Con la sangre en el ojo
Ahora bien, ¿tanto revuelo se debía solo al arribo del tan esperado varoncito? Ni tanto. Ocurre que los Osornio venían de pasarla fuleras. Con decirle que don Osornio, militar y hacendado bien polenta de la época, y a su hijo Andrés, hermano de la parturienta Agustina, habían sido asesinados por un malón indígena en su propia estancia, “El Rincón de López”, diez años atrás. Pues parece ser que sus ínfulas de conquista y dominación de unas pampas que no estaban desiertas le pasaron su factura en vida. Y con la muerte. Osornio padre fue lanceado y degollado, al igual que su descendiente, en plena labor campera. Por cuanto los “bárbaros” pasaron a estar en la mira de los Osornio así como de León Ortiz de Rozas, quien se hizo carne la desgracia de su familia política. ¿Acaso el pequeño Juan Manuel Domingo de Rozas podía mamar algo diferente? “¡Mueran los salvajes unitarios!”. El lema rosista lo diría todo algunas décadas después.
De tal palo…
Claro que don León tenía su propia historia de rugidos. Con diecinueve años ya era subteniente de infantería de Buenos Aires. Sin embargo, durante una expedición en Sierra de la Ventana fue capturado por las tribus locales, logrando salvar su pellejo gracias a que el hermano del cacique se hallaba prisionero en manos del virrey. Por lo que el plan canje acabó por resolver el asunto: liberado uno, liberado el otro. Solo que para entonces don Rozas ya se había metido en el bolsillo la confianza de los principales caciques de la región, por lo que su apellido comenzó a ser “grato”, al tiempo que se hizo de un espíritu rural que hasta entonces le era desconocido. Una visión de vida que también habría de atravesar a su primogénito. De hecho, Juan Manuel de Rosas creció entre el campo y la ciudad. Supo de potros salvajes tanto como de malones desenfadados desde muy pequeño. Hasta que las invasiones inglesas tocaron la puerta en 1806, y su historia cambiaría para siempre. ¿O será que no fue tan así? Veamos, veamos…
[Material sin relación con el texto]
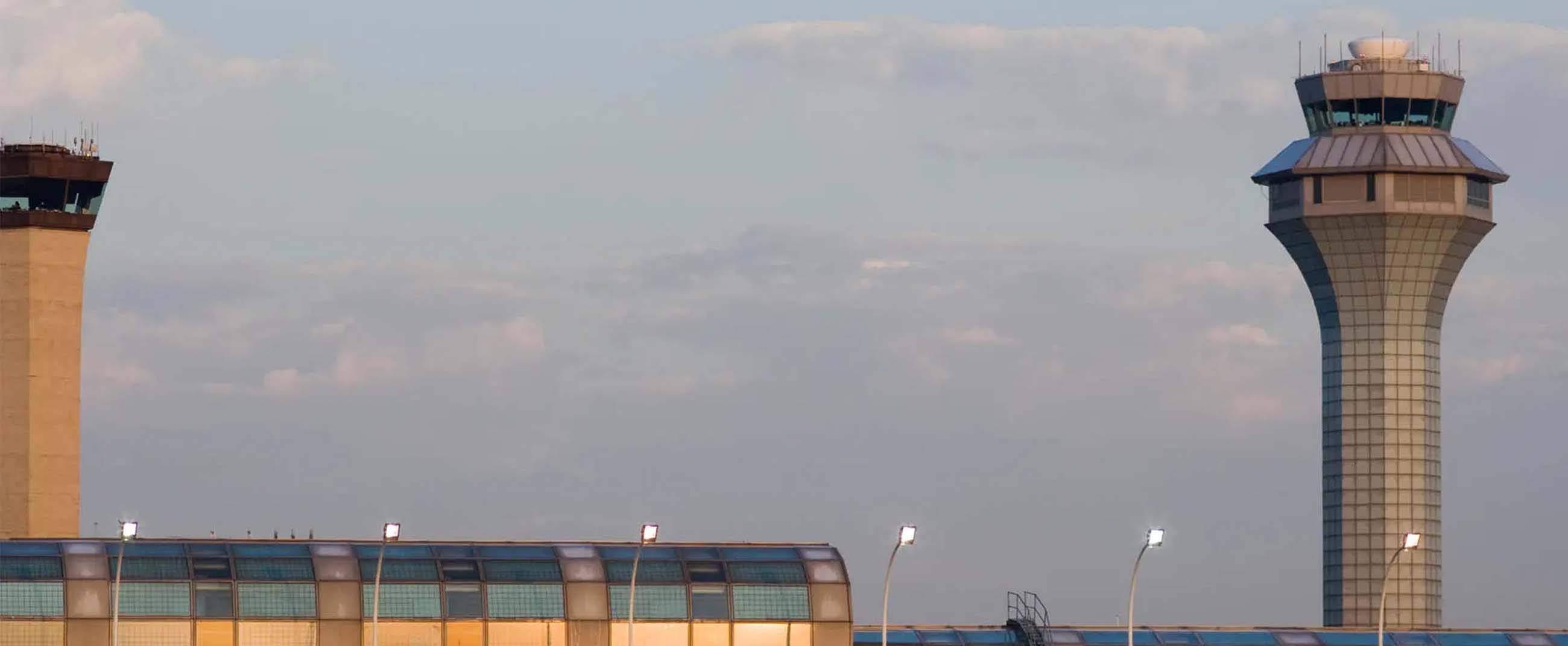 modern airport terminal at sunset, with two control towers visible in the background. The main structure features a curved design with reflective glass that captures the golden tones of the setting sun. The walkways and windows shimmer with warm light, while the towers—one taller and slimmer, the other more robust—stand out against the sky, symbolizing the airport’s operational core.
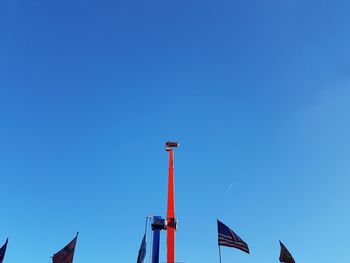 Low angle view of carousel  against clear blue sky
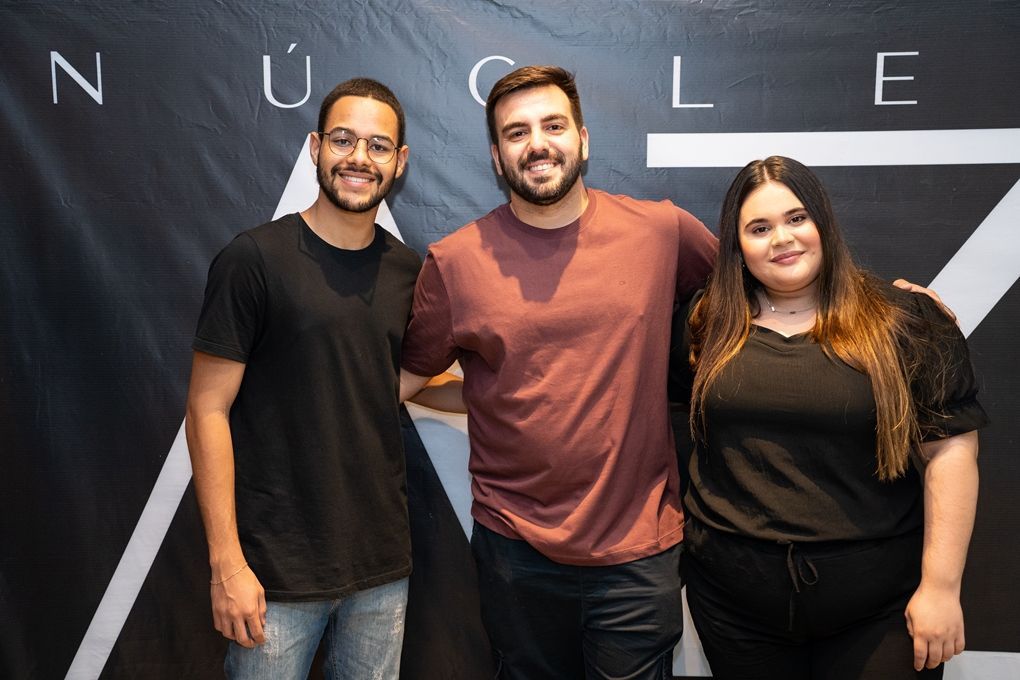 Três pessoas estão posando para uma foto em frente a um banner.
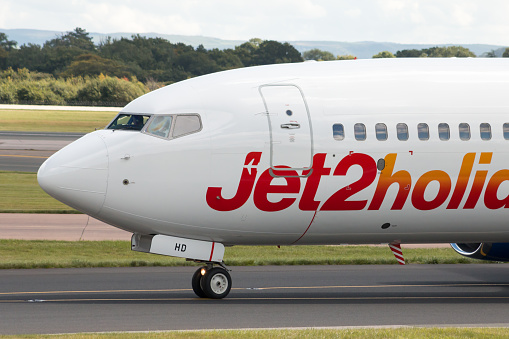 Manchester, United Kingdom - August 27, 2015: Jet2 Holidays Boeing 737 narrow-body passenger plane taxiing, Manchester International Airport.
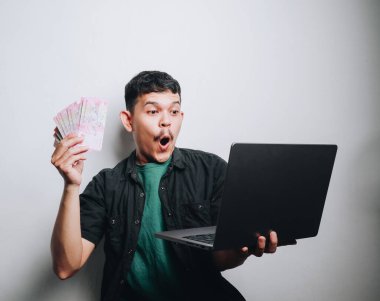 Genç bir adam dizüstü bilgisayarı üzerinde çalışırken finansal bir sürprizi kutluyor..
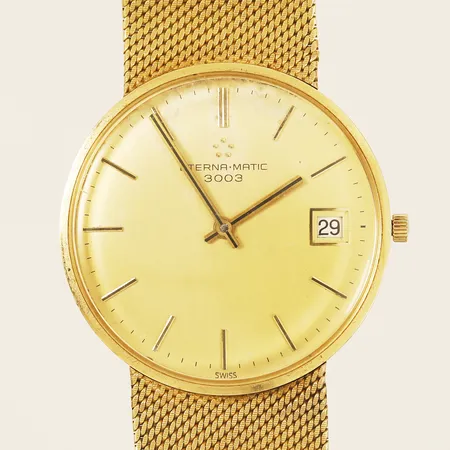 Herrur Eterna-matic 3003 18K Ø34mm, automatisk serie nr 665 5001 68 sliten urtavla repor på plexiglas, skev länk i 18K, bruttovikt: 78,3g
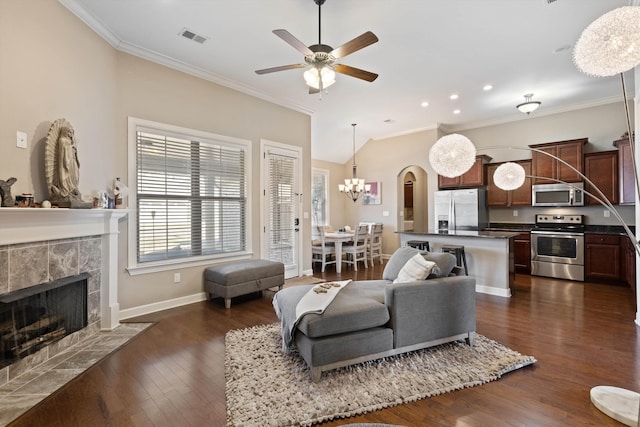 living room featuring a fireplace, visible vents, and ornamental molding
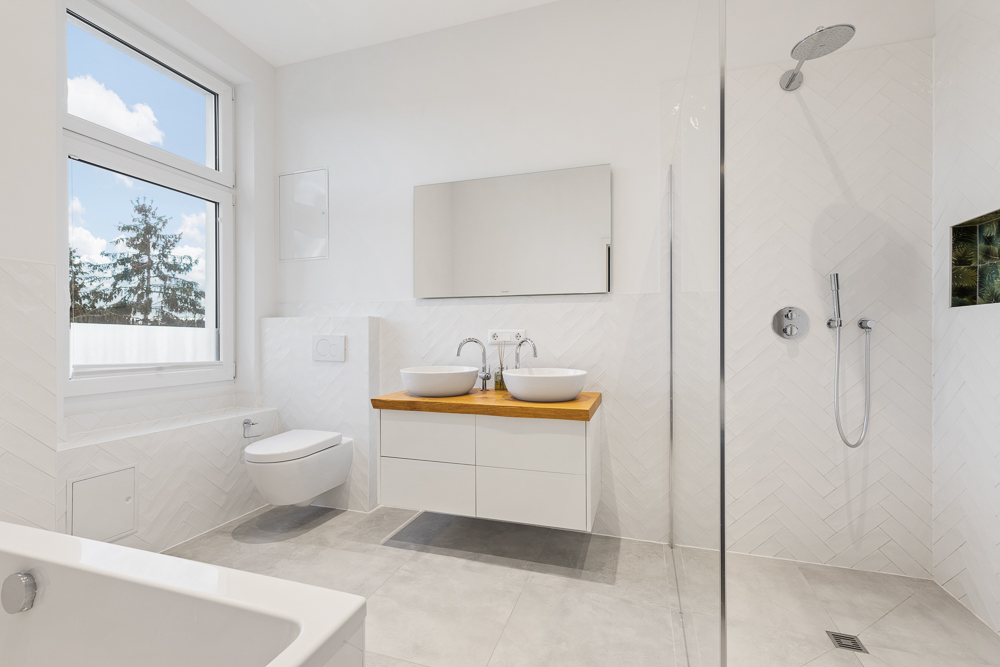 Helles, modernes Badezimmer mit Dusche, Doppelwaschbecken, WC und großer Fensterfront.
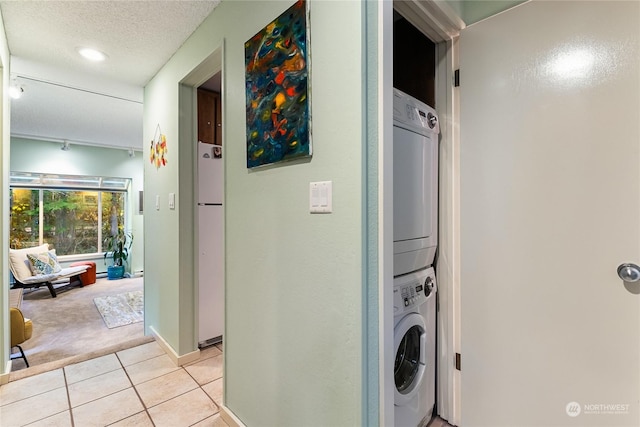 clothes washing area featuring a textured ceiling, light carpet, and stacked washer and dryer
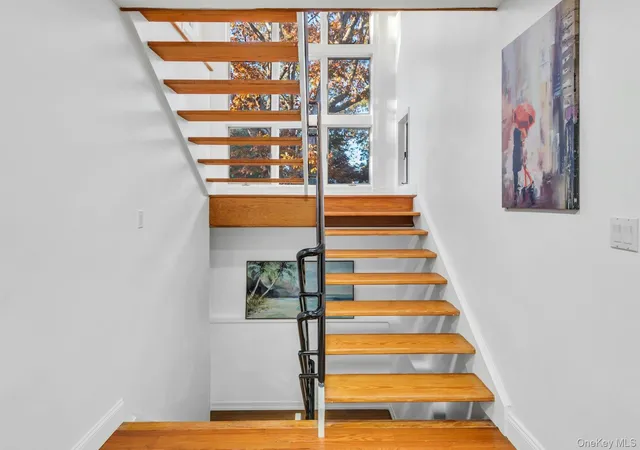 Photo 4 of Single family home for sale at 19 Bay Woods Dr, Hampton Bays, NY 11946 | MLS# 1059857 | Listing updated on 2026-10-07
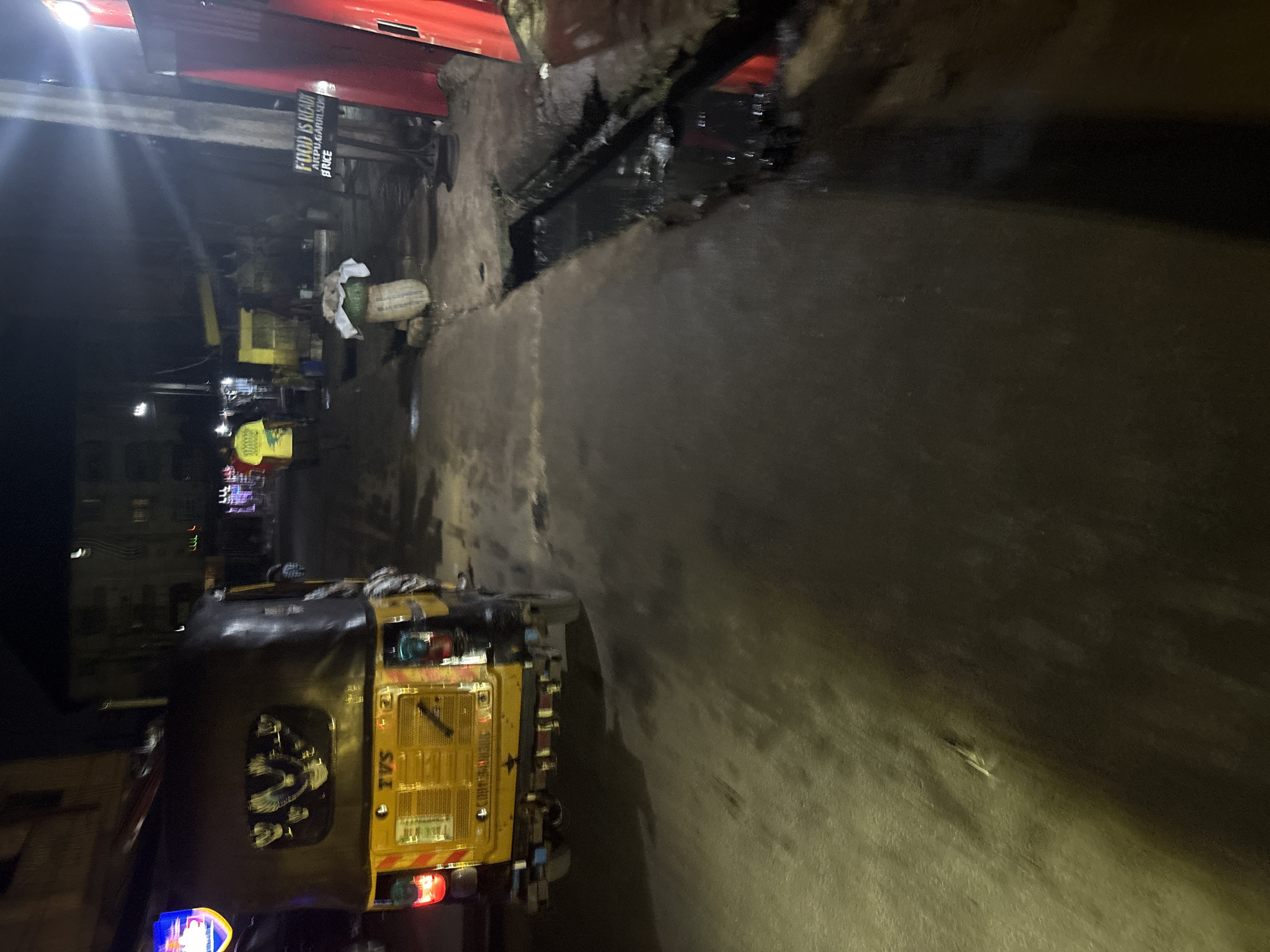 A yellow auto-rickshaw with an illuminated sign reading "TVS" is parked on a street in Onitsha, Nigeria. The auto-rickshaw has decorative designs of birds on its rear window. The street is wet, suggesting recent rain, and a drainage channel runs alongside the road. A sign on a pole reads "FOOD IS READY AKPU GARRISER PRICE". Several people are visible in the background, including one wearing a yellow t-shirt. The scene is illuminated by streetlights and neon signs, indicating it is nighttime.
Hecha la historia, hecha la trampa
Cuenta la historia que un Rosas de apenas trece años fue parte de los voluntarios del ejército que reconquistó Buenos Aires. A la cabeza de un grupo de amigos a los que infundió espíritu, coraje y alguna que otra arma se presentó ante el general Liniers. Y habría sido el mismísimo Liniers quien, una vez consumada la victoria, enviaría una carta plagada de honores a Rozas padre y esposa. Pues tal valía lo había convertido en soldado del cuarto escuadrón de caballería, junto al que una vez más echaría flit a los ingleses en su segunda invasión. Vaya Guerrero había resultado Rozitas, y vaya orgullo para don León y Agustina. Pero… ¿qué tan real es este heroico relato? A juzgar por el historiador argentino Ernesto H. Celesia, poco y algo. Dadas sus investigaciones, asevera que se trata de un mito que el intelectual napolitano Pedro de Angelis hizo trascender en 1830, tiempo en que trabajaba al servicio de Rosas. ¿Motivos? Engrandecer la figura del Restaurador desde sus inicios, dotándolo de un semblante heroico. De hecho, las actas del Cabildo consultadas por Celesia, presentes en el Archivo General de la Nación confirman la jugarreta: en enero de 1807 Rosas se incorporó al escuadrón de caballería, sí, pero para el mes de junio se lo registra ausente: “enfermo en su casa”.
Rebelde con causa
El hecho es que pasada la mítica fiebre de la Reconquista de Buenos Aires, Juan Manuel de Rosas se dedicó fundamentalmente al campo. Tenía dieciocho cuando su padre le encarga la administración de la estancia, a la que condujo con éxito. Para entonces una también joven Encarnación Ezcurra ya era parte de su vida. Y he aquí otra nota de color, o de sombra, en la historia rosista. Resistida por doña Agustina y don León, Juan Manuel no iba a permitir que ambos se salieran con la suya. Así fue como hizo a Encarnación escribir una carta en la que decía estar embarazada, y la dejó al alcance de su madre. Imagínese el revuelo, el pudor y la mar en coche de preocupaciones en torno al honor de la familia. La boda comenzó entonces a preparase, aunque, claro está, Rosas se ocupó de negar dicha carta y su falacia en la vejez. Sin embargo, aquello marcaría un quiebre. Una disrupción en el abecedario con el que habría de escribir su destino y el del suelo nacional. Rosas devolvió los campos a su padre y emprendió su propio camino ya no como Rozas, sino como Rosas.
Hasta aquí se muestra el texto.